That doesn’t sound very modern
No shit, Sherlock. We’re talking about a special menu inspired by the ancient Roman town immortalised by the ash of Mount Vesuvius in AD 79 that is being served at Knightsbridge-based Dinner by Heston Blumenthal from next week (7 January).
AD 79 is quite a while ago. Why now?
The menu has been devised to tie in with a major exhibition at The Ashmolean Museum in Oxford of the same name, running until 12 January, that uses the carbonised and organic remains of food unearthed by archaeologists to show how the food culture of Pompeii played an integral part of daily life.
Ah, I see. So I’m guessing it’s a menu of burnt offerings then...
Actually, there is an element of this. The menu starts with an authentic Pompeiian bread that is black in colour and which is made with heritage spelt flour and Grano Arsso, a burnt wheat flour from Puglia. The round loaf aims to capture the magic of the authentic Pompeiian breads that had been discovered in bread ovens, carbonised and recovered in the 1800s. The bread is served with Naples butter that is whipped to achieve a lava rock appearance and takes inspiration from key ingredients that are commonly found in the bay of Naples - namely squid ink, the juice from the heads of red prawns and seasoned with a mix of kombu, ponzu and soy.
But it can’t all be ‘burnt’ food...
Thankfully not.
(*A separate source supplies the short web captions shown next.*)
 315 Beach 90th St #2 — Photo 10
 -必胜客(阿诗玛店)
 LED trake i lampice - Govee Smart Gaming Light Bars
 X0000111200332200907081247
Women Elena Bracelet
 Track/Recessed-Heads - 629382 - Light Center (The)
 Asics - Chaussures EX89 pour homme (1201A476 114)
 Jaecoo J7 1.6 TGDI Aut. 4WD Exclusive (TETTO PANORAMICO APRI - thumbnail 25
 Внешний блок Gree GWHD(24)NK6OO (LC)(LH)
Other dishes on four-course menu are pickled mussels and octopus in a lovage (one of the Roman’s favourite seasonings), garum and mussel emulsion, inspired by the Roman love of seafood and the art of pickling; roast duck with buttered turnips, turnip tops and truffle; served with duck sauce of Pompeiian red wine, fig vinegar and spice, and a civit of confit duck leg; and libum – a baked goat’s curd cheesecake that’s served with white-wine gel, grapes,honey ice cream and crystallised almonds.
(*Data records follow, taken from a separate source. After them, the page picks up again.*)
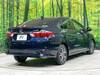 HONDA GRACE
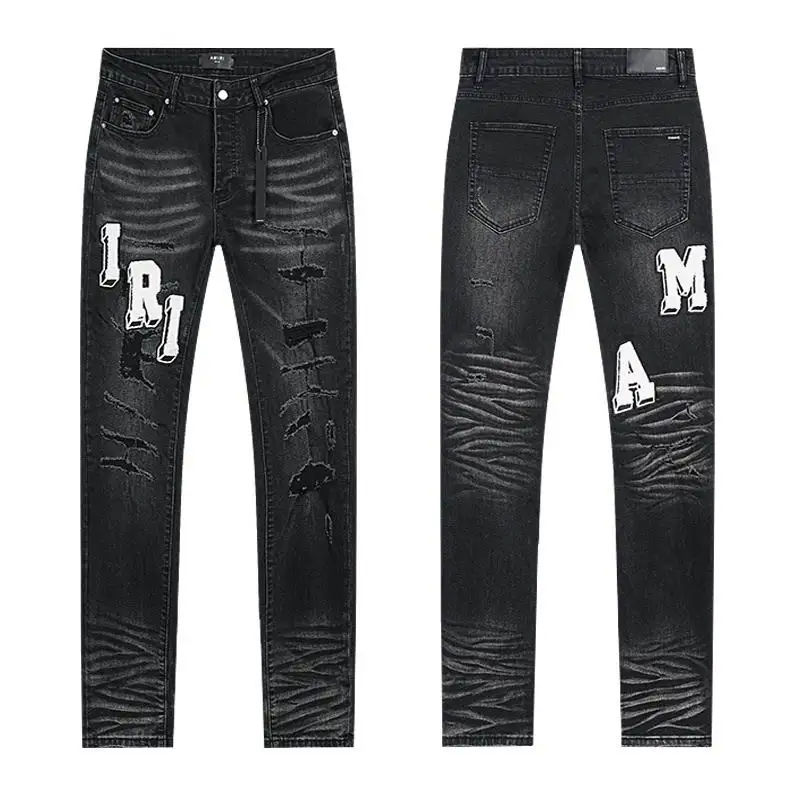 Amiri sz30-38 mrtx327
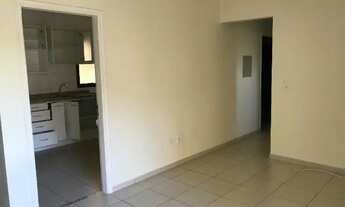 Imagem 4: Alugo apartamento 2 dormitórios, suíte, Nova Aliança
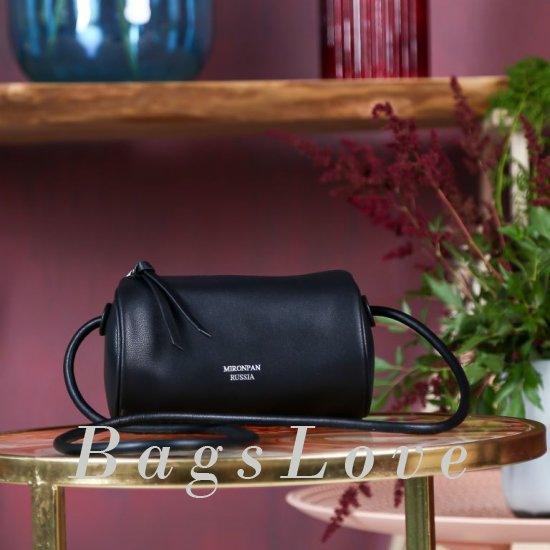 Женская сумка Mironpan B106520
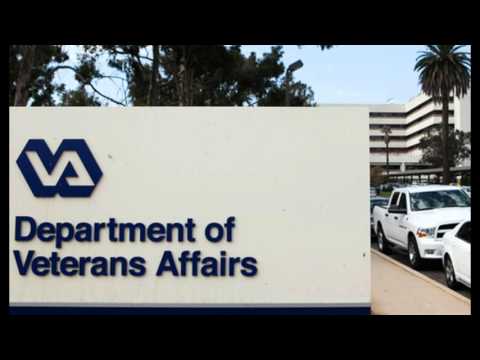 Lawmakers Want Answers Why VA Stripped 260,000 Vets of Gun Rights
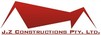 JZ Constructions - Gold Coast Builders 0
Ah clever. What’s the, err, damage?
Very funny. The menu will be available for lunch or dinner from until 31 March, with a set menu priced at £88, although individual dishes will be available to order from the a la carte as well.
Is this a one-off?
Possibly not. According to Ashley Palmer-Watts, Heston’s right-hand man who worked on the project, this could be the first in a series of historical meals that could be replicated. Other options could include the final meal on the Titanic, or maybe even on the Mary Celeste.
So no plans to replicate The Last Supper then?
Not as yet. In a twist of fate, it is likely that the Last Supper of Pompeii will be Palmer-Watts’s final bit of menu development for Dinner by Heston Blumenthal. The chef has just announced that he is to leave Heston Blumenthal’s restaurant empire after almost 20 years. That should warrant a decent send off.